Few things spike a theatre audience’s collective blood pressure like an athletic feat promised on stage, because with that promise we pass out of the realm of pretend and into the realm of uncompromising, observable reality.
Dramatizing an impressive physical display is much like putting a live animal—or, in the case of Jez Butterworth’s mammoth play The Ferryman, a real baby—on stage: Even as we suspend our disbelief in this theatrical world, we still know that the dog, or the baby, or the basketball, doesn’t care about our invented rules. They live in the real world, which amplifies the electric current running through any theatrical production and spares us the imaginative indignity of being asked to believe, for example, that a swaddled, weightless lump is a tiny, living human. Anxiety is exciting. Risk is exciting.
Lauren Yee’s funny new basketball-centric play The Great Leap is many things—deftly detailed, structurally impressive, deceptively weighty and generally delightful—but it isn’t viscerally exciting. It’s under no obligation to be. This isn’t really a “sports play,” with the pulse-raising action-level that descriptor can imply. But it is a play about family, abandonment, determination, self-invention, societal expectation and cultural revolution, topics which are (or should be) just as capable of producing breathtaking moments as basketball is.
Now running at Seattle Rep and presented in association with the Denver Center for the Performing Arts Theatre Company, The Great Leap often stops just short of asking its actors to sink their baskets. It’s a wise practical decision, if a smidge disappointing, because it reminds us time and again that none of this is real, in contrast to the production’s beautifully cinematic staging by director Eric Ting.
Great Leap cuts back and forth between 1989 and 1971, between San Francisco and Beijing, using stark, stage-high projections of dates and city names to keep us oriented. The splendid production design features a set by Wilson Chin, lighting by Christopher Kuhl, sound by Curtis Craig and projections by Shawn Duan. Costumes, excellent all around but most winningly showcased in Manford’s rumpled, rolled-up clothes and Connie’s absolutely perfect late-‘80s gear, are by Valérie Thérèse Bart.

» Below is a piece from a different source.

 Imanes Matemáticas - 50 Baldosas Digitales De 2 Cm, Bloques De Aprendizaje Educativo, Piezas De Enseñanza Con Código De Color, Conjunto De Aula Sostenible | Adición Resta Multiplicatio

In 1989, it’s all about Manford (Linden Tailor), a cocky, ball-playing teenager looking to land himself on the University of San Francisco’s basketball team or, at the very least, the team going to China in the off-season for a “Friendship Game” against Beijing University. He has to convince Saul (Bob Ari), the USF coach and team connection to China; with a little help from his cousin Connie (Keiko Green), Manford talks and shoots his way on the team.
1971 centers more on Saul, as we flash back to his first visit to China to coach some of the country’s star athletes in basketball, “the only Western sport never banned by the Party on the grounds that it taught Communist ideals.” By his side is a nervous Wen Chang (Joseph Steven Yang), enlisted to help with translation. Idiomatic jokes abound—what’s the direct translation of “fuck shit up?”—and we see the invention of the pick-and-roll.
For all intents and purposes, Saul is overconfident, foul-mouthed, racist America; Wen Chang is diffident, rule-following China, terrified of standing out in a time when standing out got you killed by the Communist Party. “They do not want to choose to throw and then miss,” Wen Chang explains, countering Saul’s exasperation with the Chinese players’ timidity. “It is always your turn,” he growls.
Eighteen years later, things in Beijing are very different. Student protests against the Party escalate in Tiananmen Square, and China, led by Wen Chang and egged on by Saul’s public arrogance about America’s dominance, has learned how to play basketball.
“Eighteen years: That’s how long it takes to replace every cell in your body,” a voice intones at the top of the show. “So, you’ve gotta ask yourself, who do I wanna be in 18 years?”
In 2018, when China-U.S. relations are a cause of great anxiety, Yee’s subtle teasing out of a complex cross-cultural ecosystem through intertwined personal stories is impressive, and her empathetic rendering of “a country that’s been in the dark for 40 years,” rings like a political tuning fork.
Questionable basketball prowess notwithstanding, some unconvincing performances stop Great Leap short of greatness, putting the focus squarely on the hyper-cleverness of Yee’s writing and tipping late narrative reveals into melodrama—including, crucially, the reason Manford has been killing himself since he was a kid to become the best basketball player in Chinatown. Yee’s facility with dialogue is undeniable but, like the shots not taken, Great Leap often cuts away from its most thrilling moments. The show’s final moment, by far it’s most gripping, was so resonant it felt like a beginning as much as an end but was snipped just short of its full emotional impact. And, in a potentially great play as much as a pick-and-roll, precision is everything.
The Great Leap runs through April 22.